- Exercise aim -
Each line from the one with "2014 Mercedes-benz C" through the last line below must be written out exactly. Do not copy pictures.

- Provided data -
*** Begin section ***

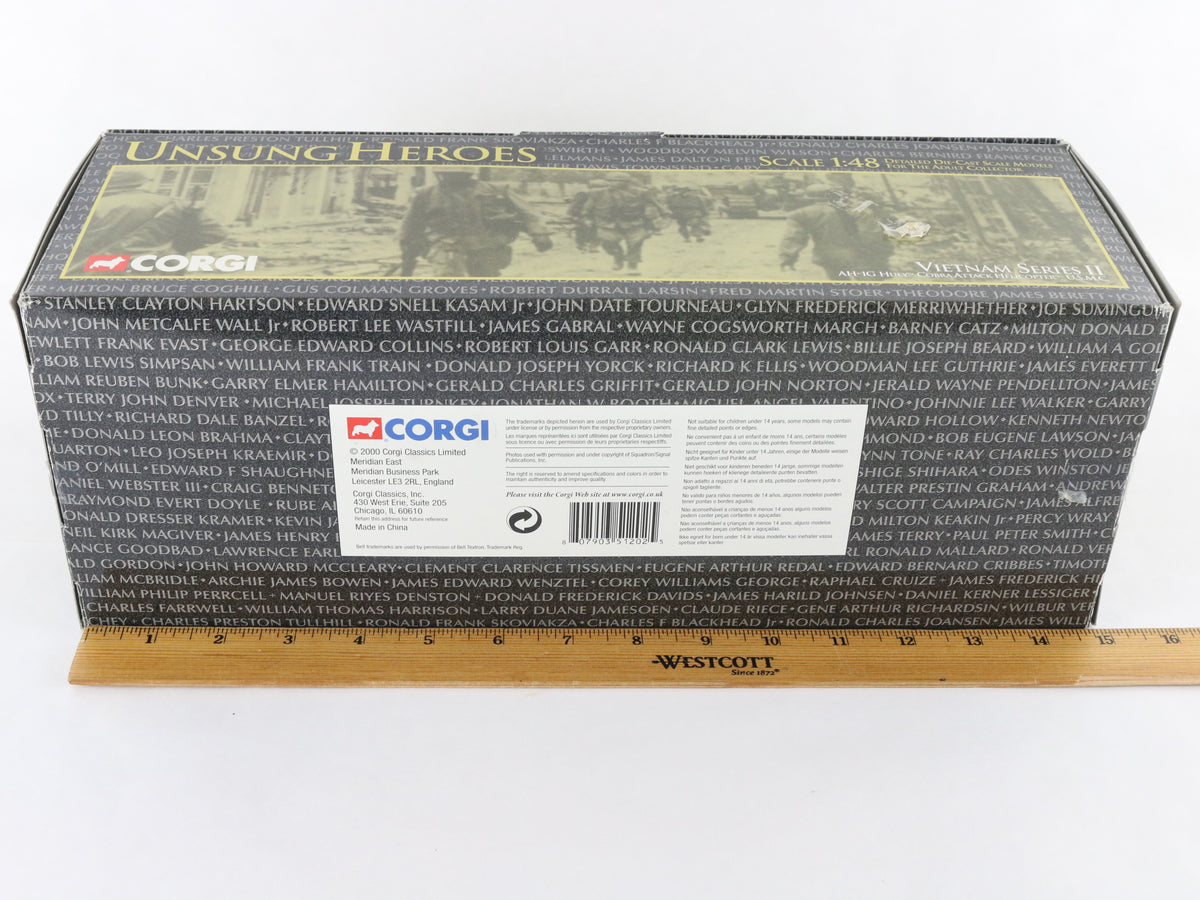 AH-1G Huey Cobra Attack Helicopter Vietnam Bell Unsung Heroes Corgi 1:48 51202
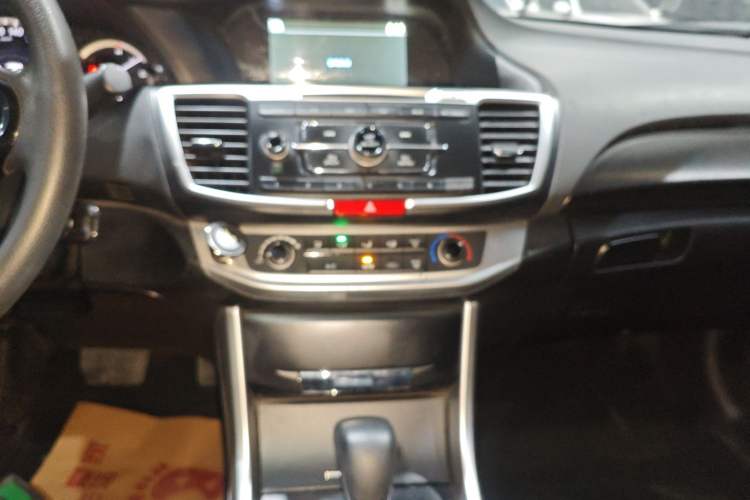 Used Honda Accord 2015 2.0L LX Comfort Edition
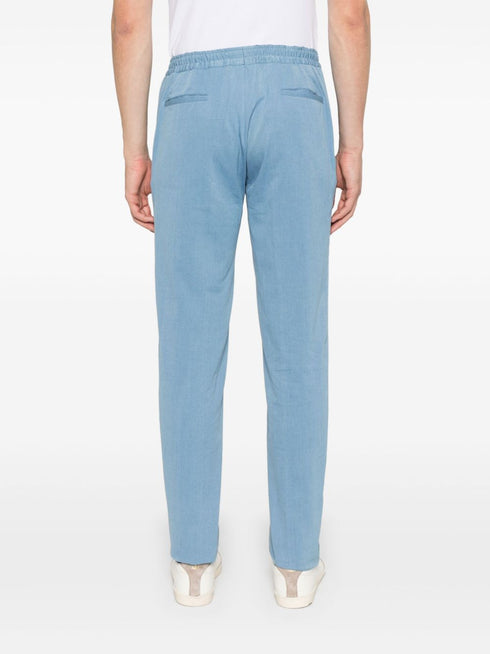 pantalones con cordón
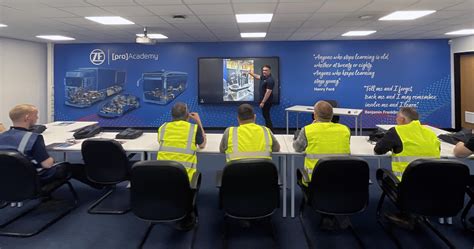 ZF [pro]Academy expands training offer for commercial vehicle fleets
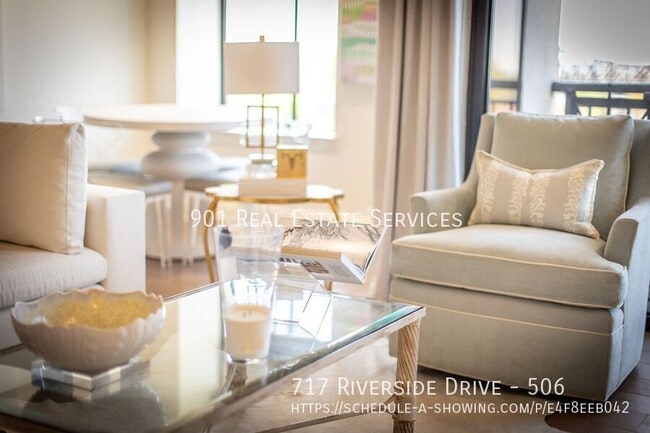 Building Photo - 717 Riverside Dr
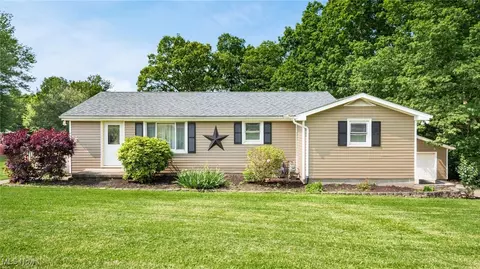 3125 Jenkins Dr, Zanesville, OH 43701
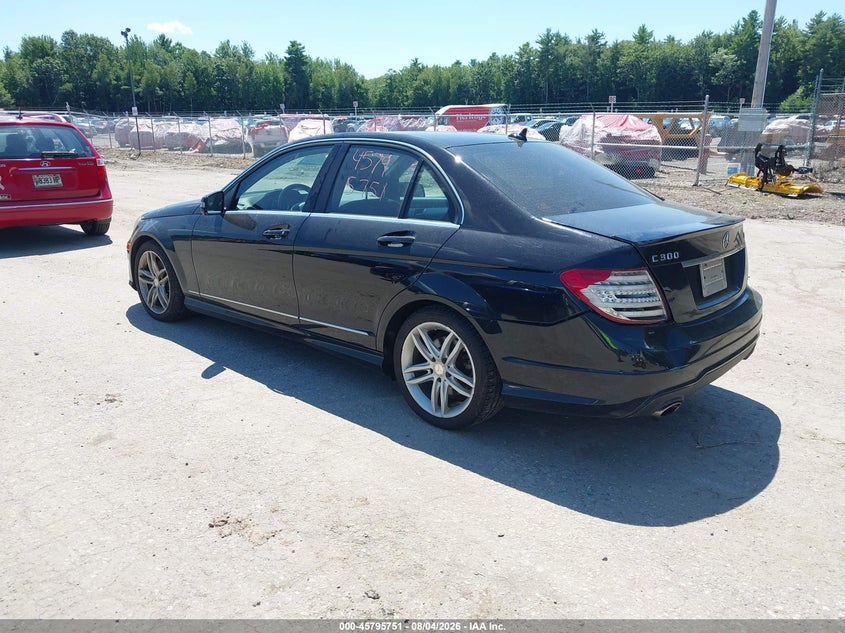 2014 Mercedes-benz C class VIN WDDGF8AB4EG245402 IAAI salvage auction — NORMAL WEAR, Original (Maine), sold $1,500 on 2026-08-11 (photo 3)
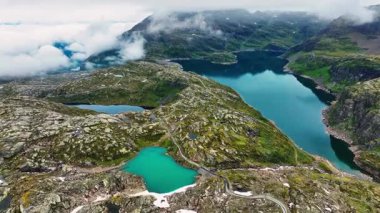 Folgefonna buzulları eriyen su birikintilerinin ve Jondal ve Hardangerfjord, Norveç yakınlarındaki dağların üzerindeki havadan gelen drone 'lar.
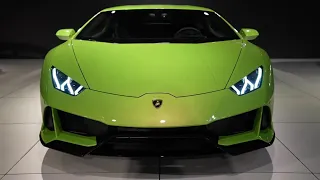 Feast your eyes on the beautiful green Lamborghini Urocan (4k)
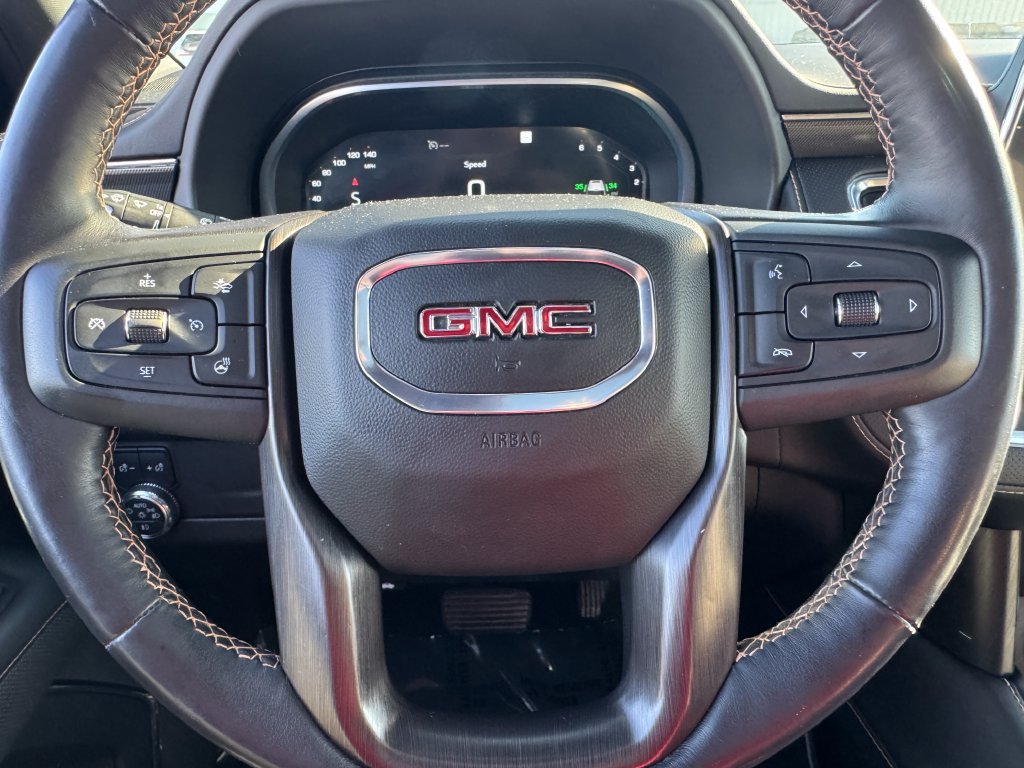 Used 2022 GMC Yukon XL AT4 AWD/4WD image 29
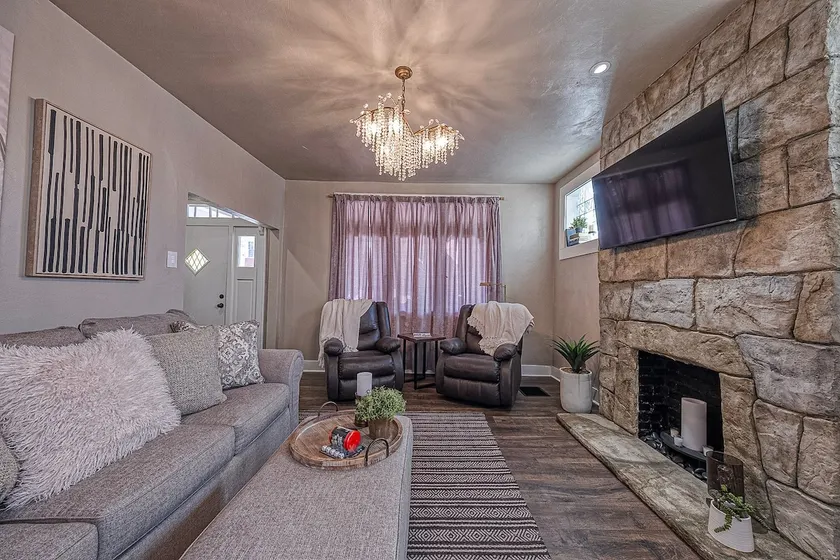 Dormont Delightfulness - Image 1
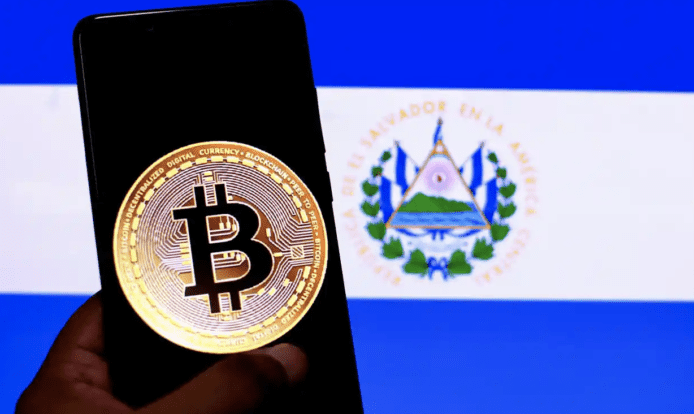 Bitcoin 暴跌薩爾瓦多總統再度入貨    至今已虧蝕1.6億港元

*** End section ***

- Problem solution -
 2014 Mercedes-benz C class VIN WDDGF8AB4EG245402 IAAI salvage auction — NORMAL WEAR, Original (Maine), sold $1,500 on 2026-08-11 (photo 3)
 Folgefonna buzulları eriyen su birikintilerinin ve Jondal ve Hardangerfjord, Norveç yakınlarındaki dağların üzerindeki havadan gelen drone 'lar.
 Feast your eyes on the beautiful green Lamborghini Urocan (4k)
 Used 2022 GMC Yukon XL AT4 AWD/4WD image 29
 Dormont Delightfulness - Image 1
 Bitcoin 暴跌薩爾瓦多總統再度入貨    至今已虧蝕1.6億港元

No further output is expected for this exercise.